Lo que implica la desestimación del motivo y del recurso.
VISTOS los anteriores, y obligados por el artículo 120.3 de la Constitución española de 27 de diciembre de 1978, razonamientos y argumentos, así como los mencionados preceptos y los demás de general y debida aplicación, los Ilmos. Sres. Magistrados referenciados en el encabezamiento de esta sentencia, previos los actos de dación de cuenta por quien de ellos fue designado Ponente, y conjuntas deliberación, votación y fallo.
Fallo
Que debemos desestimar y desestimamos el recurso de suplicación interpuesto por Laura frente a la sentencia de fecha 27 de junio de 2013 dictada por el Juzgado de lo Social nº 1 de los de Tarragona en autos 541/2011, y en consecuencia debemos confirmar y confirmamos la resolución recurrida.

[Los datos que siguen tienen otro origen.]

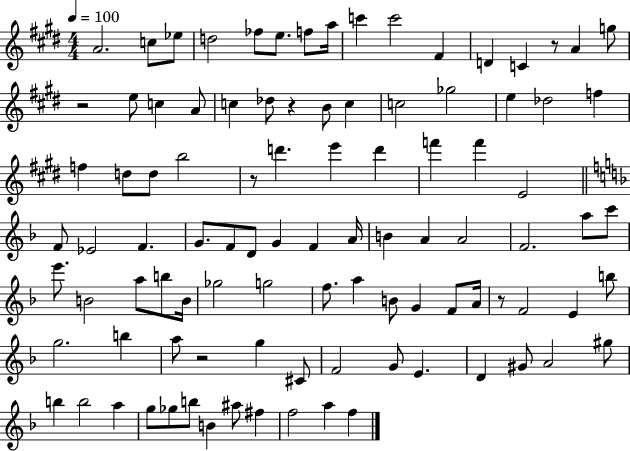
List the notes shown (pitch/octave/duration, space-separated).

A4/h. C5/e Eb5/e D5/h FES5/e E5/e. F5/e A5/s C6/q C6/h F#4/q D4/q C4/q R/e A4/q G5/e R/h E5/e C5/q A4/e C5/q Db5/e R/q B4/e C5/q C5/h Gb5/h E5/q Db5/h F5/q F5/q D5/e D5/e B5/h R/e D6/q. E6/q D6/q F6/q F6/q E4/h F4/e Eb4/h F4/q. G4/e. F4/e D4/e G4/q F4/q A4/s B4/q A4/q A4/h F4/h. A5/e C6/e E6/e. B4/h A5/e B5/e B4/s Gb5/h G5/h F5/e. A5/q B4/e G4/q F4/e A4/s R/e F4/h E4/q B5/e G5/h. B5/q A5/e R/h G5/q C#4/e F4/h G4/e E4/q. D4/q G#4/e A4/h G#5/e B5/q B5/h A5/q G5/e Gb5/e B5/e B4/q A#5/e F#5/q F5/h A5/q F5/q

Notifíquese esta resolución a las partes y a la Fiscalía del Tribunal Superior de Justicia de Cataluña, y expídase testimonio que quedará unido al rollo de su razón, incorporándose el original al correspondiente libro de sentencias.

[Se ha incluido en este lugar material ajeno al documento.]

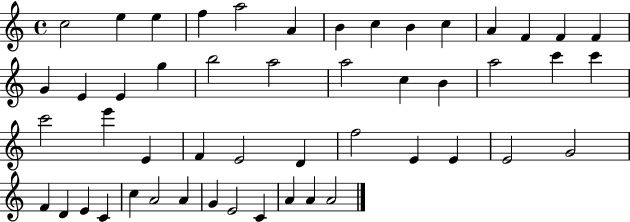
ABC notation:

La presente resolución no es firme y contra la misma puede interponerse Recurso de Casación para la Unificación de Doctrina, para ante la Sala de lo Social del Tribunal Supremo, el cual deberá prepararse mediante escrito con la firma de Abogado y dirigido a ésta Sala en donde habrá de presentarse dentro de los diez días siguientes a la notificación, con los requisitos establecidos en el Art. 221 de la Ley Reguladora de la Jurisdicción Social .
Así mismo, de conformidad con lo dispuesto en el artículo 229 del Texto Procesal Laboral, todo el que sin tener la condición de trabajador o causahabiente suyo o beneficiario del régimen público de la Seguridad Social o no goce del beneficio de justicia gratuita o no se encuentre excluido por el art. 229.4 de la Ley Reguladora de la Jurisdicción Social , consignará como depósito, al preparar el Recurso de Casación para la Unificación de Doctrina, la cantidad de 600 euros en la cuenta de consignaciones que tiene abierta esta Sala, en BANCO SANTANDER , Oficina núm. 2015, sita en Ronda de Sant Pere, nº 47, Nº 0937 0000 66, añadiendo a continuación los números indicativos del recurso en este Tribunal.

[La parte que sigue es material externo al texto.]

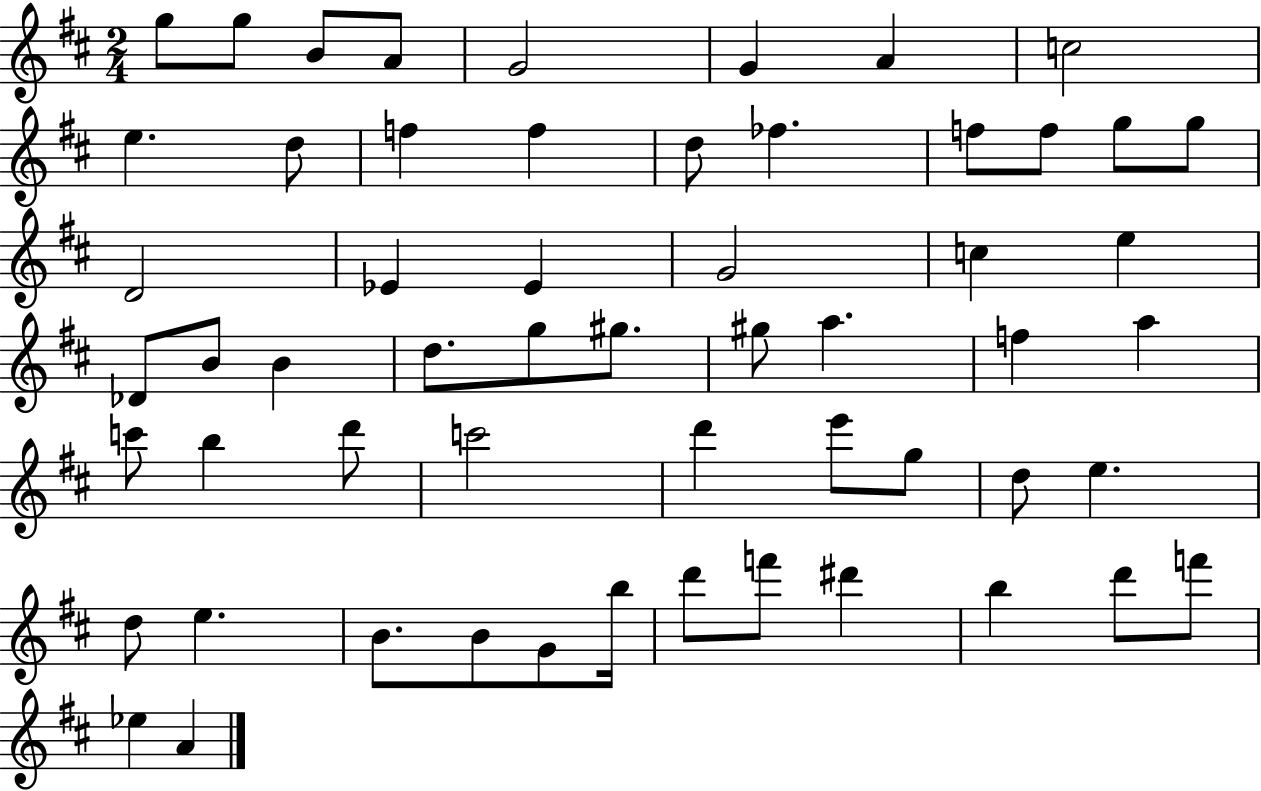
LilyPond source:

{
  \clef treble
  \numericTimeSignature
  \time 2/4
  \key d \major
  \repeat volta 2 { g''8 g''8 b'8 a'8 | g'2 | g'4 a'4 | c''2 | \break e''4. d''8 | f''4 f''4 | d''8 fes''4. | f''8 f''8 g''8 g''8 | \break d'2 | ees'4 ees'4 | g'2 | c''4 e''4 | \break des'8 b'8 b'4 | d''8. g''8 gis''8. | gis''8 a''4. | f''4 a''4 | \break c'''8 b''4 d'''8 | c'''2 | d'''4 e'''8 g''8 | d''8 e''4. | \break d''8 e''4. | b'8. b'8 g'8 b''16 | d'''8 f'''8 dis'''4 | b''4 d'''8 f'''8 | \break ees''4 a'4 | } \bar "|."
}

La consignación del importe de la condena, cuando así proceda, se realizará de conformidad con lo dispuesto en el art. 230 la Ley Reguladora de la Jurisdicción Social y se efectuará en la cuenta que esta Sala tiene abierta en BANCO SANTANDER (oficina indicada en el párrafo anterior), Nº 0937 0000 80, añadiendo a continuación los números indicativos del Recurso en este Tribunal, y debiendo acreditar el haberlo efectuado, al tiempo de preparar el recurso en esta Secretaría.
Así por nuestra sentencia, lo pronunciamos, mandamos y firmamos.
Publicación.-La anterior sentencia ha sido leida y publicada en el día de su fecha por el/la Ilmo/a. Sr/a. Magistrado/a Ponente, de lo que doy fe.